Guards are often considered among the least valuable players in the league, but Cook’s PFF WAR last season was lower than several of them, including 49ers guard Laken Tomlinson. Effectively, the difference between Cook and a replacement back is lower than any potential upgrade the Vikings could make to their offensive line.
Where Cook might have a legitimate edge over Mattison is in his work as a receiver — the most valuable aspect of running back play in today’s NFL. That’s what makes McCaffrey so special and what makes Ekeler so valuable compared to his rushing production, and Cook is a good receiver out of the backfield even though drops have dragged down his PFF grade.
Cook has 10 drops on just 110 career targets, the average depth of target of which has actually been almost two yards behind the line of scrimmage — that isn’t ideal. But when the ball is in his hands, he has averaged 10.6 yards after the catch, has 21 explosive plays from 93 catches and has moved the chains 40 times.
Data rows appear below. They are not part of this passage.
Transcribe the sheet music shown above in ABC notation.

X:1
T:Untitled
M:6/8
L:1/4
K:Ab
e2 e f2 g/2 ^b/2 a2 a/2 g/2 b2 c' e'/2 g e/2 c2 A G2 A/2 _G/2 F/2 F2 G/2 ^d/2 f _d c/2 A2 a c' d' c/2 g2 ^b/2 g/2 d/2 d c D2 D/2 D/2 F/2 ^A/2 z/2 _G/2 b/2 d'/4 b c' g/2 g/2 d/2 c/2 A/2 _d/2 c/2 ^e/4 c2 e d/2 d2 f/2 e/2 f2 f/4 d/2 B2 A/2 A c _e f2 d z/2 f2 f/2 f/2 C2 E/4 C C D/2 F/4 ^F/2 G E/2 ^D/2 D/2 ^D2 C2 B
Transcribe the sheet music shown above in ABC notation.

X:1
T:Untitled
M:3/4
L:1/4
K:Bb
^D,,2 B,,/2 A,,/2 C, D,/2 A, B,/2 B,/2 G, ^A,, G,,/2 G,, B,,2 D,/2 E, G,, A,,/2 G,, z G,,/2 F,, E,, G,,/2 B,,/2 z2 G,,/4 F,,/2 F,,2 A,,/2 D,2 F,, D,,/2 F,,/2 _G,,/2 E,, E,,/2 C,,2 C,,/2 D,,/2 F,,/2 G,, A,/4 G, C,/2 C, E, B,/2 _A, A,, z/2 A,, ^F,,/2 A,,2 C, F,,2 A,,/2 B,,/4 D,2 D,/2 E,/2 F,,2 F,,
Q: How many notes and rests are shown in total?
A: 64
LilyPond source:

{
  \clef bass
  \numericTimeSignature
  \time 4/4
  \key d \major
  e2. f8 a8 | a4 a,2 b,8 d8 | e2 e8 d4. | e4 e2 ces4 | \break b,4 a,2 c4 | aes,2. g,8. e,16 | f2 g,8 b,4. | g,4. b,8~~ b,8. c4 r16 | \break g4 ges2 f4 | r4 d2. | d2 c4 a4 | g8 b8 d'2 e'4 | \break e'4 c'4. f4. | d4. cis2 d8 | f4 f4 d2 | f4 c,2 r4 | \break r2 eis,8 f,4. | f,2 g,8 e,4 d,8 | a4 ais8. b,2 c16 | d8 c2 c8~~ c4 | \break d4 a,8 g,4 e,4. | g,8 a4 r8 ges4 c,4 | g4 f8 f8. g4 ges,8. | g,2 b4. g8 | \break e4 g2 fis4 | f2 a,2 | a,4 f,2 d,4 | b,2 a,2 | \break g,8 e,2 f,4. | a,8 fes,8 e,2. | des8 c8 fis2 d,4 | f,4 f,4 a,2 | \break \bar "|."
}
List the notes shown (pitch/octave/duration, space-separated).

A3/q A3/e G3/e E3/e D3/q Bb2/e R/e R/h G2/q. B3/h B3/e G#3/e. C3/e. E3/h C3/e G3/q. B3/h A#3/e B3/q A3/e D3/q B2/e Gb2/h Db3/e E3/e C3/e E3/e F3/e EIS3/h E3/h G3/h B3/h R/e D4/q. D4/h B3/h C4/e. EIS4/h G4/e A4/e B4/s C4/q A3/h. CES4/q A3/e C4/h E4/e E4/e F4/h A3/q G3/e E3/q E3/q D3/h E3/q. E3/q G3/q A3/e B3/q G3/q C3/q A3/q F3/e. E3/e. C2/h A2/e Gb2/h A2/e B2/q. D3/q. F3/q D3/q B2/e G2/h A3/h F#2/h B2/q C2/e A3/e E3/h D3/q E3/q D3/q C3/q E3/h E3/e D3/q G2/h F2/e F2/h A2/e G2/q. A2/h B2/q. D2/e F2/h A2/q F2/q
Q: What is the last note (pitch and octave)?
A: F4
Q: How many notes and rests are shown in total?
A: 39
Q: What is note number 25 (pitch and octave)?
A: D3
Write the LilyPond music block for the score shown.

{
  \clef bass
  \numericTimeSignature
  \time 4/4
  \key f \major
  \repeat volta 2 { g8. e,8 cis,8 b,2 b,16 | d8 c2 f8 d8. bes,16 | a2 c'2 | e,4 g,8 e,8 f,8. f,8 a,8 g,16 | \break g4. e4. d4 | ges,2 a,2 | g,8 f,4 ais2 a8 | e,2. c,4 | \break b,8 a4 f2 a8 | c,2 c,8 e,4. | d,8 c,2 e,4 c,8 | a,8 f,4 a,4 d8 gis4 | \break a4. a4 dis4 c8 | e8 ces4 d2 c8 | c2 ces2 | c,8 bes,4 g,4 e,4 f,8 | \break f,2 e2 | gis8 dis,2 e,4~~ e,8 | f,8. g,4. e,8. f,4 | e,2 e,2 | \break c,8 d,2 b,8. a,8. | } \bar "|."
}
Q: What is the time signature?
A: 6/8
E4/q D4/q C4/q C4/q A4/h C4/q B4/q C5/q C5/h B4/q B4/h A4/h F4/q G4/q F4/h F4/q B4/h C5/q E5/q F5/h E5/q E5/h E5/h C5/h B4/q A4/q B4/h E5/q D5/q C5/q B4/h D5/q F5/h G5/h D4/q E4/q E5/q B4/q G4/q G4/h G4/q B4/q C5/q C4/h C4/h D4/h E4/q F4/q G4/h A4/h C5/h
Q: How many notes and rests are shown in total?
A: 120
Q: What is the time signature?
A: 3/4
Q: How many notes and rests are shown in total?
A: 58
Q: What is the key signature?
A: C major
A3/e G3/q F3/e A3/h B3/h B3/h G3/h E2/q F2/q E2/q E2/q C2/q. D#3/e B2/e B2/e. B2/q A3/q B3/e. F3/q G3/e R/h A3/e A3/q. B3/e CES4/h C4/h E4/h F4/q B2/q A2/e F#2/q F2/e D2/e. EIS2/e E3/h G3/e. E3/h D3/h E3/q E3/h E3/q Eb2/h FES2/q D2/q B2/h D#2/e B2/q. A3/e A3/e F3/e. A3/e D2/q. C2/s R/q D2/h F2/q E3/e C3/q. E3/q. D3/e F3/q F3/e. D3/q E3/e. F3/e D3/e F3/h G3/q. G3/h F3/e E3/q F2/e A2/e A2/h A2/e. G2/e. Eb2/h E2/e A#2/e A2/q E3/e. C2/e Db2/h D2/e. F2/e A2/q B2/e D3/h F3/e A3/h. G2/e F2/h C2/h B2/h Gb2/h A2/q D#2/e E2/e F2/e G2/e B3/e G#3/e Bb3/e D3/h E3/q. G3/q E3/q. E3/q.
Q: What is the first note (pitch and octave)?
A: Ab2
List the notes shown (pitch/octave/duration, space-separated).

All of his numbers are markedly better than Mattison’s, with the exception of drops (Mattison has yet to drop a pass).
Cook has a top-10 yards per route run figure among all running backs over the past two seasons, though he is almost a full yard behind Ekeler, who leads all backs.
Ultimately, no data point suggests that Cook deserves a contract in the same stratosphere as the one McCaffrey signed, and there's not all that much to argue that he should exceed the deal Ekeler agreed to. Minnesota has already invested in a contingency plan in Mattison, and while you can convincingly argue that Cook is a better player than Mattison in every area, it’s hard to find evidence that it matters or results in vastly different production.
Cook is the latest example of the mounting evidence that running backs simply don’t move the needle when it comes to success at the position, and they remain far more a product of their environment than they are of their own talent advantage over other players.
Dalvin Cook may be as talented as any back in the league, but between his injury history and the data showing the Vikings can insert another back without any significant drop-off, he is the latest example of a player who sadly doesn’t have any leverage in getting paid and needs to rely on the goodwill of the organization to meet him in the middle somewhere.
If Cook wants to play hardball with the Vikings, the team would be best advised to move on, hand the starting job to Mattison and get younger, cheaper and perhaps healthier at the position. The saving will allow a team that was hard up against the cap all offseason to better allocate their limited resources.